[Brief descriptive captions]

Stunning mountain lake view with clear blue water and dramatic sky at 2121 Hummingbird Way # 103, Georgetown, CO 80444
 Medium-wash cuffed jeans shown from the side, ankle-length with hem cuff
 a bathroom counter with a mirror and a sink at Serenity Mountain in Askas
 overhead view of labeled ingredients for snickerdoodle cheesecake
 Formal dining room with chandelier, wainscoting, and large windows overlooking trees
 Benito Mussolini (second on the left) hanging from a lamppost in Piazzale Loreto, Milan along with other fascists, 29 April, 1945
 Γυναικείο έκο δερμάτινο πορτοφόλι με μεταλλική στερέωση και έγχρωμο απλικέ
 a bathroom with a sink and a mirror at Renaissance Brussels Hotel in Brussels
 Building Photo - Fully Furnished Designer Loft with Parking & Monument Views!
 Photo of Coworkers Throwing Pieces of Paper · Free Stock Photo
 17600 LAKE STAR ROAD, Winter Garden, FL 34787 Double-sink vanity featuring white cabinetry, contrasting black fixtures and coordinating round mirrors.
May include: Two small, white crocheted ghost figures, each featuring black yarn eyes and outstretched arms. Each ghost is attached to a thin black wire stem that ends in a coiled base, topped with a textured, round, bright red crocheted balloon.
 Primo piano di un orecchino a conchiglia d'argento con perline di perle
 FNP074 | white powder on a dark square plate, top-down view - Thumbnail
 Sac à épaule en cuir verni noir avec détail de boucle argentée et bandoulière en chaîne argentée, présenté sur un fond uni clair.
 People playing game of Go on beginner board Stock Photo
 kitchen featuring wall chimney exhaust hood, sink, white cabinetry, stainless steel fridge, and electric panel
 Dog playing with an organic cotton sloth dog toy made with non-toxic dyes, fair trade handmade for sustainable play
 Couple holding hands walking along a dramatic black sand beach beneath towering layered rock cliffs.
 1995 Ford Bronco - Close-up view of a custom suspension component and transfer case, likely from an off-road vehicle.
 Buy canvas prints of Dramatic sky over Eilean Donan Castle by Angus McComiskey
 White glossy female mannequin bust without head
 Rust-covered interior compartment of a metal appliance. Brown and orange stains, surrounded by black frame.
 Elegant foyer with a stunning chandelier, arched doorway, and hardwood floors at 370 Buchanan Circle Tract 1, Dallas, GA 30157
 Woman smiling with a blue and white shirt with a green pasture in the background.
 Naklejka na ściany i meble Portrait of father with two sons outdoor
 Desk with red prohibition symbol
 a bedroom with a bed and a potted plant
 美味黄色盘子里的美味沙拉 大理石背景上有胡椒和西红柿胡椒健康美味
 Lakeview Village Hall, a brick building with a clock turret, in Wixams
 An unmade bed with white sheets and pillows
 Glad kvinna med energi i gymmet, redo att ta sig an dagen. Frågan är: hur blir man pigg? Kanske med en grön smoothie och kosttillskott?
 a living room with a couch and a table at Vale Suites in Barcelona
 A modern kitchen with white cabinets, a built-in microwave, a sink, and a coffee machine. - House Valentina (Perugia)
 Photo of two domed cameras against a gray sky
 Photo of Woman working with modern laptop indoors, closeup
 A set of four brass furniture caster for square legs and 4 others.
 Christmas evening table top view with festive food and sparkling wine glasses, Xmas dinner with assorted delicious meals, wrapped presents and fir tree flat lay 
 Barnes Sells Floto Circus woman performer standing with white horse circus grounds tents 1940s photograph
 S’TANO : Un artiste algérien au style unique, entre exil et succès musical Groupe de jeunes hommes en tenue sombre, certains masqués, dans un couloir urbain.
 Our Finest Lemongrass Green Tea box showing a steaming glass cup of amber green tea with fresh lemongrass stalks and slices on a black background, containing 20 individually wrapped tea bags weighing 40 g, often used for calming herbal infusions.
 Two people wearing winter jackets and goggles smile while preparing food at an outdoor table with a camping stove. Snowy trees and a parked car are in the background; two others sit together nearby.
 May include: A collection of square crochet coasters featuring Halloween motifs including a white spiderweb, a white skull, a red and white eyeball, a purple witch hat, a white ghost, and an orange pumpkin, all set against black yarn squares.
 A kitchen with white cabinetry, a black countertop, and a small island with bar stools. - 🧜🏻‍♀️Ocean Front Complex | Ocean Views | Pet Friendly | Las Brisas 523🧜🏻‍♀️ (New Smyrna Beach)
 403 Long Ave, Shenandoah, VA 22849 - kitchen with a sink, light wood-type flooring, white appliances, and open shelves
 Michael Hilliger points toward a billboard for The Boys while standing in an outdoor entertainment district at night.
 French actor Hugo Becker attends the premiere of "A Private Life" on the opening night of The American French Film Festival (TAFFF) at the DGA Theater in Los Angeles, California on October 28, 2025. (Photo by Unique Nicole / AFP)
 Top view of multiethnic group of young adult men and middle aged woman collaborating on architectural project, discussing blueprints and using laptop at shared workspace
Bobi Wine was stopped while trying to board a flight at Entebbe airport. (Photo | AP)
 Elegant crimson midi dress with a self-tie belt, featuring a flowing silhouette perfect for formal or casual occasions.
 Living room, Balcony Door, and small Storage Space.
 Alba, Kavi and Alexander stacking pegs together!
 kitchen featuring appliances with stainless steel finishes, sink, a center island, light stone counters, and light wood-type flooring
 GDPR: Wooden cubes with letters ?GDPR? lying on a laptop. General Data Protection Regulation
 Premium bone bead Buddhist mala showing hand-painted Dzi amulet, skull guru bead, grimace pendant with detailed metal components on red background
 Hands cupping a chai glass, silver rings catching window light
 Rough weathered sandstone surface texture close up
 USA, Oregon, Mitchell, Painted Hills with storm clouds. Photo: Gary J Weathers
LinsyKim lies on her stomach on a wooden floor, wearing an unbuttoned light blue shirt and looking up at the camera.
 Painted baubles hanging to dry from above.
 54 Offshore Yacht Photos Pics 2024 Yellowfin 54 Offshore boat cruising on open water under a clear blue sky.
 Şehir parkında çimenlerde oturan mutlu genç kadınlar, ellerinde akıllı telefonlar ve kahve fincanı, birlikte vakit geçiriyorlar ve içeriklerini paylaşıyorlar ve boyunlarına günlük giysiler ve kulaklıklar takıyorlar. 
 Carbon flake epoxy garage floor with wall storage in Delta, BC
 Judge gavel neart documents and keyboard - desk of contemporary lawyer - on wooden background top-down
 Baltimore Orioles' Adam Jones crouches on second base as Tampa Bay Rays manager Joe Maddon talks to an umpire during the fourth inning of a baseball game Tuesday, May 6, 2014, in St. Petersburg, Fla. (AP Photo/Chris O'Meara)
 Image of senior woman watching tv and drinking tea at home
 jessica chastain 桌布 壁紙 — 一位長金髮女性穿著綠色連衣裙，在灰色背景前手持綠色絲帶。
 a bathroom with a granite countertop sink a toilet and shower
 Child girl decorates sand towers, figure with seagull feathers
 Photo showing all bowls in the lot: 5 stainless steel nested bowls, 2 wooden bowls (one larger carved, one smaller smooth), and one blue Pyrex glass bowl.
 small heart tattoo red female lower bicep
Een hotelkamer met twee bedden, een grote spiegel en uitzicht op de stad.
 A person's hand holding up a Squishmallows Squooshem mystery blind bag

WHAT THE TASK ASKS:
Above are the records; please copy exactly their first line and each line after it through the line containing "Formal dining room", and no line after that.

RESPONSE TO THE TASK:
Stunning mountain lake view with clear blue water and dramatic sky at 2121 Hummingbird Way # 103, Georgetown, CO 80444
 Medium-wash cuffed jeans shown from the side, ankle-length with hem cuff
 a bathroom counter with a mirror and a sink at Serenity Mountain in Askas
 overhead view of labeled ingredients for snickerdoodle cheesecake
 Formal dining room with chandelier, wainscoting, and large windows overlooking trees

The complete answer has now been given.